Antes de cumplir con el veredicto final, a María Antonieta le cortaron el pelo. Cuentan que su verdugo, Henri Sanson, hijo de quien había ejecutado a su esposo, se guardó algunos mechones. Una vez preparada con un vestido blanco –que era el color tradicional de las reinas viudas en Francia-, fue trasladada en un carro junto con el encargado de accionar la guillotina y acompañada también por un sacerdote designado por el Tribunal Revolucionario. La reina no quiso confesarse porque no le permitieron elegir a un cura de su confianza.

Una multitud enardecida

María Antonieta recorrió lentamente y por última vez las calles de París con las manos atadas a la espalda y rodeada de un ejército de 30 mil soldados que formaron una barrera a lo largo del camino que la separaba de la plaza de la Revolución (actual plaza de la Concorde).

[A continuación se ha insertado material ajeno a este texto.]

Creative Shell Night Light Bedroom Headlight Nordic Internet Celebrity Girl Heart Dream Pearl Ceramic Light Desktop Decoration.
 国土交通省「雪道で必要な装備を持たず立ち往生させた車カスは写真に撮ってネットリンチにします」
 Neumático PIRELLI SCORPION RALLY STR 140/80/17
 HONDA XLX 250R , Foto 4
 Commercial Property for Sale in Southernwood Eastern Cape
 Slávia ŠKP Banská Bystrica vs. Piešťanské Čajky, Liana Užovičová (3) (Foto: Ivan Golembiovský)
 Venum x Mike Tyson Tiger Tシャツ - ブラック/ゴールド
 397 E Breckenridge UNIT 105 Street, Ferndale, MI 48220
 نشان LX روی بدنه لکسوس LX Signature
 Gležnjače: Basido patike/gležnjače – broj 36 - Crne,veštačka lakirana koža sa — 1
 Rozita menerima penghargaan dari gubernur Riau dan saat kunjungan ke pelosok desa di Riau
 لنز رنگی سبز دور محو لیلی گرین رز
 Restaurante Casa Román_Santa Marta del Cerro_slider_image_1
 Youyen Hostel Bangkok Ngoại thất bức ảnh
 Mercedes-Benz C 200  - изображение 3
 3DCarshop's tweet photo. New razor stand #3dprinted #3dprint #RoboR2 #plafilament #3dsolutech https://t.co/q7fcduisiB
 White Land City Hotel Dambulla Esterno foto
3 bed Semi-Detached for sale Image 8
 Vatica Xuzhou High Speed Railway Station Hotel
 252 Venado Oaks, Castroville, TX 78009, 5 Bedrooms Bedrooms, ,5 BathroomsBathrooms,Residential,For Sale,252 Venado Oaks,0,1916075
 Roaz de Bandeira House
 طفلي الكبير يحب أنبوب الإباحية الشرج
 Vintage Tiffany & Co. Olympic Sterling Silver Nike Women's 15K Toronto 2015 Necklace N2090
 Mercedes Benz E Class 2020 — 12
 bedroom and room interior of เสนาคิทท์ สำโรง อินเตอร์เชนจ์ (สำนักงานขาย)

Un mar ondulante de gente la esperaba allí. Nadie quería perderse el espectáculo de la muerte de la reina más odiada por el pueblo. Era el mediodía y la plaza hervía en un otoño naciente. Con el recuerdo de la vida liviana y amable que había llevado en otros tiempos, María Antonieta bajó del carro con la frente en alto y la convicción, tal como le había escrito a su cuñada, de que iba a encontrarse con su esposo.

Unos 10 mil curiosos contemplaron cómo la reina pisó, sin querer, a su verdugo y pronunció las que serían sus últimas palabras: “Señor, le pido perdón, no lo hice a propósito”. A diferencia de Luis XVI, no pronunció ningún discurso antes de morir. A las 12 y cuarto, la guillotina cortó la cabeza de la reina de una sola vez. El verdugo la levantó para mostrarla a la multitud hambrienta de sangre que gritó: “¡Viva la República!”.